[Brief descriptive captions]
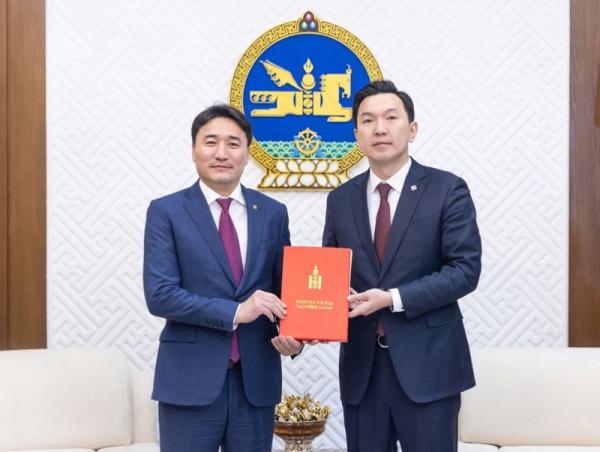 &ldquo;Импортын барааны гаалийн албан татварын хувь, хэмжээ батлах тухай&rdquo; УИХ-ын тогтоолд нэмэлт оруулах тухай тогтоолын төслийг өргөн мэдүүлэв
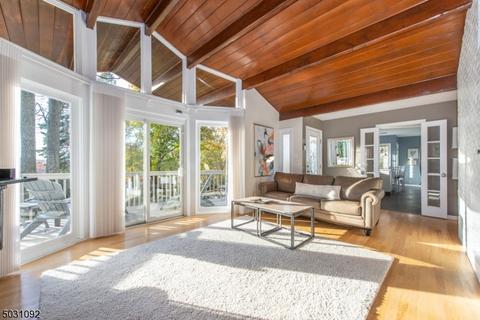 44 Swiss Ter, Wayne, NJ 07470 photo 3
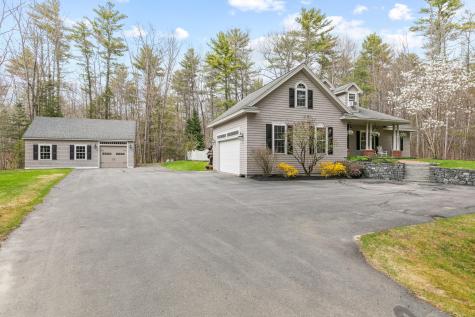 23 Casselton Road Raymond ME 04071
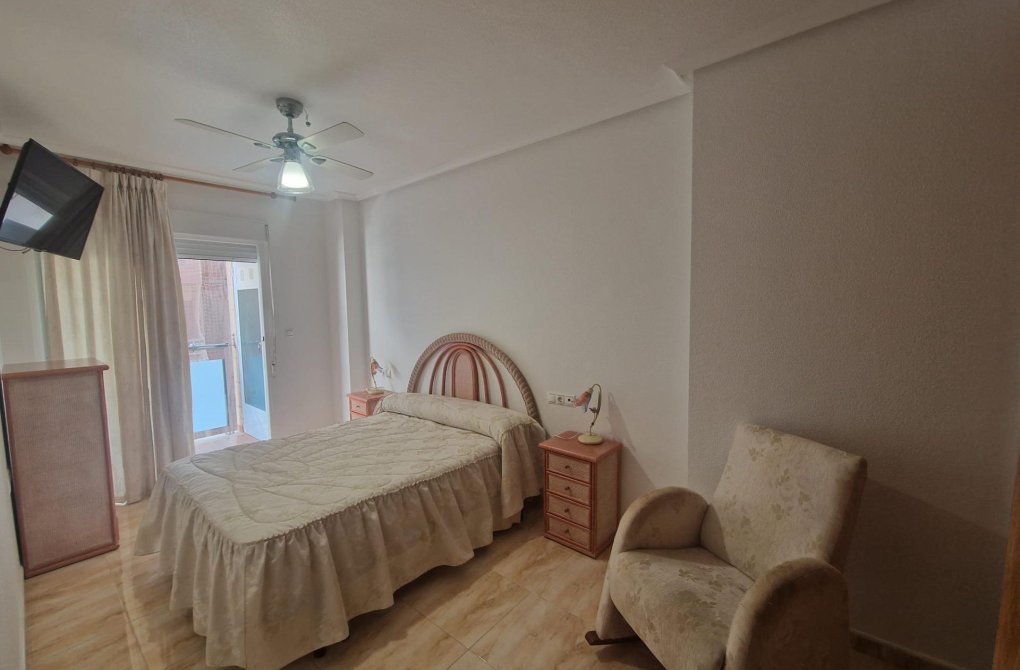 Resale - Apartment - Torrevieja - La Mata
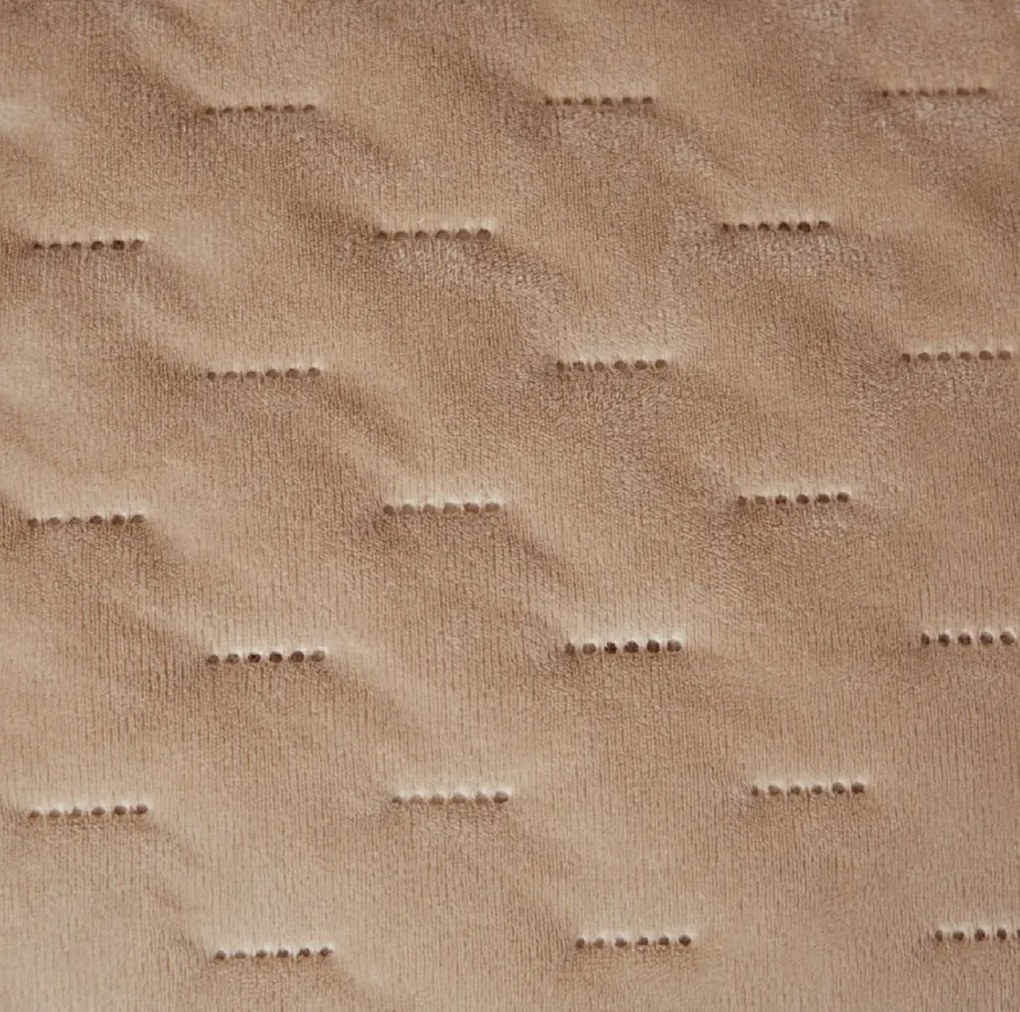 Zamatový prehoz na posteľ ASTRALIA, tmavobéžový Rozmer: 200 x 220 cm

» **What is needed**:
Please copy exactly the lines from the one containing "23 Casselton Road Raymond ME 04071" through the last line of the records above, both included, and leave out any pictures.

» **Task answer**:
 23 Casselton Road Raymond ME 04071
 Resale - Apartment - Torrevieja - La Mata
 Zamatový prehoz na posteľ ASTRALIA, tmavobéžový Rozmer: 200 x 220 cm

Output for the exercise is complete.